[[ Data in this exercise open ]]

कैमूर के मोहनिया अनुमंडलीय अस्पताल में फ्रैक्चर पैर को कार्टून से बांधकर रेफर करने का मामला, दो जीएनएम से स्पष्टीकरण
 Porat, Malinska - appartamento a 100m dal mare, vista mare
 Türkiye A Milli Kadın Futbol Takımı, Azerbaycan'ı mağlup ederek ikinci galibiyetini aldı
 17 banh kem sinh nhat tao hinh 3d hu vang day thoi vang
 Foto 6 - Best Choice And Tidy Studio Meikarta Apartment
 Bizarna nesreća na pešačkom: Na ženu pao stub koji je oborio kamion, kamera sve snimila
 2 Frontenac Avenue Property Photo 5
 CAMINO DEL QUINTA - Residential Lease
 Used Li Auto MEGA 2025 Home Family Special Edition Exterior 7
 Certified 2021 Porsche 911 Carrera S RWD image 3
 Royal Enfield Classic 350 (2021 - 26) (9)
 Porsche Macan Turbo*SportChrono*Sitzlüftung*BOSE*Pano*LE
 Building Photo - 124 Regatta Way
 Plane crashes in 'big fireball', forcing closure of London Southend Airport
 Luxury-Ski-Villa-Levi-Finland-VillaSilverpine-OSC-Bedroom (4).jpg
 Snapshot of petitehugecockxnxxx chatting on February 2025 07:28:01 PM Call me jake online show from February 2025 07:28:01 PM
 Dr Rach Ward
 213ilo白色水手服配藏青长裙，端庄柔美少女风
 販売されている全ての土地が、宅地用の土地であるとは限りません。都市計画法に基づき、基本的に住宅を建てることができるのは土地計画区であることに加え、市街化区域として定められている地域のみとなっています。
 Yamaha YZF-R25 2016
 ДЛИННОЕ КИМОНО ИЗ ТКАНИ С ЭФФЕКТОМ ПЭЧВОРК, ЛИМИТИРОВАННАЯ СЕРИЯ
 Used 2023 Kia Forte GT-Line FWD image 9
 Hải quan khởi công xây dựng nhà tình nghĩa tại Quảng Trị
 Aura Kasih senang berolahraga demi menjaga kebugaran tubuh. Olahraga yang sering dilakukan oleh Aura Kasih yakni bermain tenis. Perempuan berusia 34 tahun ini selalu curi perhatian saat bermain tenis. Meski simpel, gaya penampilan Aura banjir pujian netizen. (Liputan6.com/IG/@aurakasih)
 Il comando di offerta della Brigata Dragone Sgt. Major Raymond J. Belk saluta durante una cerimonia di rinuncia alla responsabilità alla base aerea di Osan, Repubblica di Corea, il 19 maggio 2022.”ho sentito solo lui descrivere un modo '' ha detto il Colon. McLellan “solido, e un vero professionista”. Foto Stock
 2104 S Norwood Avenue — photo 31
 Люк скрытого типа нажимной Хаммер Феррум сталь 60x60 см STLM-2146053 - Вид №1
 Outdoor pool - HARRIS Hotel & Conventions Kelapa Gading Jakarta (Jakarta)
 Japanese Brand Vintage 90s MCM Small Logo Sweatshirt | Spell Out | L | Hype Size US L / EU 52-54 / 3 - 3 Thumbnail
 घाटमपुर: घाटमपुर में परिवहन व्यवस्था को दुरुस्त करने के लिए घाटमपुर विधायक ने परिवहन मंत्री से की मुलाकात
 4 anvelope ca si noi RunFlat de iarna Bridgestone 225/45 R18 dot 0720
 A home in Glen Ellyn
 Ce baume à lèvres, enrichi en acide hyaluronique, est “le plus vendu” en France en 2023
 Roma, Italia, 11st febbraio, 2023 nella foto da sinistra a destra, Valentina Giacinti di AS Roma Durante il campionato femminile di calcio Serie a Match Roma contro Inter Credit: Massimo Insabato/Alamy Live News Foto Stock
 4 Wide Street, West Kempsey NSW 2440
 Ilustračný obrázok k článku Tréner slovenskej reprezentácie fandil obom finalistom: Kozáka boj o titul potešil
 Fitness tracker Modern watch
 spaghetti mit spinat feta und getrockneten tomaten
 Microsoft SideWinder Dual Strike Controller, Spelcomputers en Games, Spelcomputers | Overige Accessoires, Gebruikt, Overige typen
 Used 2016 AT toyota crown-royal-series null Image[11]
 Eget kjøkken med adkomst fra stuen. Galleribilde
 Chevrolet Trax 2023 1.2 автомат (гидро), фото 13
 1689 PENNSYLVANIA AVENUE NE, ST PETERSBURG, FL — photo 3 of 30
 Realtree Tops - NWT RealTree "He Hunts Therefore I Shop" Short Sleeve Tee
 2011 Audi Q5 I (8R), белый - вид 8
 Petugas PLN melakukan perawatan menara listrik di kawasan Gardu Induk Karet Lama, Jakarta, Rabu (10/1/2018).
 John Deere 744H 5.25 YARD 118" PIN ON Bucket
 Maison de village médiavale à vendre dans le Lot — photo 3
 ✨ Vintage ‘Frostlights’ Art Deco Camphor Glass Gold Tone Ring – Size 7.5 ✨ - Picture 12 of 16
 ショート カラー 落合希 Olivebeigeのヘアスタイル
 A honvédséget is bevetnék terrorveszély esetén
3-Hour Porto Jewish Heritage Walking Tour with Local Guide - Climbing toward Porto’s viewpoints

[[ Data in this exercise closed ]]

All entries are to be reproduced verbatim, with none omitted.

कैमूर के मोहनिया अनुमंडलीय अस्पताल में फ्रैक्चर पैर को कार्टून से बांधकर रेफर करने का मामला, दो जीएनएम से स्पष्टीकरण
 Porat, Malinska - appartamento a 100m dal mare, vista mare
 Türkiye A Milli Kadın Futbol Takımı, Azerbaycan'ı mağlup ederek ikinci galibiyetini aldı
 17 banh kem sinh nhat tao hinh 3d hu vang day thoi vang
 Foto 6 - Best Choice And Tidy Studio Meikarta Apartment
 Bizarna nesreća na pešačkom: Na ženu pao stub koji je oborio kamion, kamera sve snimila
 2 Frontenac Avenue Property Photo 5
 CAMINO DEL QUINTA - Residential Lease
 Used Li Auto MEGA 2025 Home Family Special Edition Exterior 7
 Certified 2021 Porsche 911 Carrera S RWD image 3
 Royal Enfield Classic 350 (2021 - 26) (9)
 Porsche Macan Turbo*SportChrono*Sitzlüftung*BOSE*Pano*LE
 Building Photo - 124 Regatta Way
 Plane crashes in 'big fireball', forcing closure of London Southend Airport
 Luxury-Ski-Villa-Levi-Finland-VillaSilverpine-OSC-Bedroom (4).jpg
 Snapshot of petitehugecockxnxxx chatting on February 2025 07:28:01 PM Call me jake online show from February 2025 07:28:01 PM
 Dr Rach Ward
 213ilo白色水手服配藏青长裙，端庄柔美少女风
 販売されている全ての土地が、宅地用の土地であるとは限りません。都市計画法に基づき、基本的に住宅を建てることができるのは土地計画区であることに加え、市街化区域として定められている地域のみとなっています。
 Yamaha YZF-R25 2016
 ДЛИННОЕ КИМОНО ИЗ ТКАНИ С ЭФФЕКТОМ ПЭЧВОРК, ЛИМИТИРОВАННАЯ СЕРИЯ
 Used 2023 Kia Forte GT-Line FWD image 9
 Hải quan khởi công xây dựng nhà tình nghĩa tại Quảng Trị
 Aura Kasih senang berolahraga demi menjaga kebugaran tubuh. Olahraga yang sering dilakukan oleh Aura Kasih yakni bermain tenis. Perempuan berusia 34 tahun ini selalu curi perhatian saat bermain tenis. Meski simpel, gaya penampilan Aura banjir pujian netizen. (Liputan6.com/IG/@aurakasih)
 Il comando di offerta della Brigata Dragone Sgt. Major Raymond J. Belk saluta durante una cerimonia di rinuncia alla responsabilità alla base aerea di Osan, Repubblica di Corea, il 19 maggio 2022.”ho sentito solo lui descrivere un modo '' ha detto il Colon. McLellan “solido, e un vero professionista”. Foto Stock
 2104 S Norwood Avenue — photo 31
 Люк скрытого типа нажимной Хаммер Феррум сталь 60x60 см STLM-2146053 - Вид №1
 Outdoor pool - HARRIS Hotel & Conventions Kelapa Gading Jakarta (Jakarta)
 Japanese Brand Vintage 90s MCM Small Logo Sweatshirt | Spell Out | L | Hype Size US L / EU 52-54 / 3 - 3 Thumbnail
 घाटमपुर: घाटमपुर में परिवहन व्यवस्था को दुरुस्त करने के लिए घाटमपुर विधायक ने परिवहन मंत्री से की मुलाकात
 4 anvelope ca si noi RunFlat de iarna Bridgestone 225/45 R18 dot 0720
 A home in Glen Ellyn
 Ce baume à lèvres, enrichi en acide hyaluronique, est “le plus vendu” en France en 2023
 Roma, Italia, 11st febbraio, 2023 nella foto da sinistra a destra, Valentina Giacinti di AS Roma Durante il campionato femminile di calcio Serie a Match Roma contro Inter Credit: Massimo Insabato/Alamy Live News Foto Stock
 4 Wide Street, West Kempsey NSW 2440
 Ilustračný obrázok k článku Tréner slovenskej reprezentácie fandil obom finalistom: Kozáka boj o titul potešil
 Fitness tracker Modern watch
 spaghetti mit spinat feta und getrockneten tomaten
 Microsoft SideWinder Dual Strike Controller, Spelcomputers en Games, Spelcomputers | Overige Accessoires, Gebruikt, Overige typen
 Used 2016 AT toyota crown-royal-series null Image[11]
 Eget kjøkken med adkomst fra stuen. Galleribilde
 Chevrolet Trax 2023 1.2 автомат (гидро), фото 13
 1689 PENNSYLVANIA AVENUE NE, ST PETERSBURG, FL — photo 3 of 30
 Realtree Tops - NWT RealTree "He Hunts Therefore I Shop" Short Sleeve Tee
 2011 Audi Q5 I (8R), белый - вид 8
 Petugas PLN melakukan perawatan menara listrik di kawasan Gardu Induk Karet Lama, Jakarta, Rabu (10/1/2018).
 John Deere 744H 5.25 YARD 118" PIN ON Bucket
 Maison de village médiavale à vendre dans le Lot — photo 3
 ✨ Vintage ‘Frostlights’ Art Deco Camphor Glass Gold Tone Ring – Size 7.5 ✨ - Picture 12 of 16
 ショート カラー 落合希 Olivebeigeのヘアスタイル
 A honvédséget is bevetnék terrorveszély esetén
3-Hour Porto Jewish Heritage Walking Tour with Local Guide - Climbing toward Porto’s viewpoints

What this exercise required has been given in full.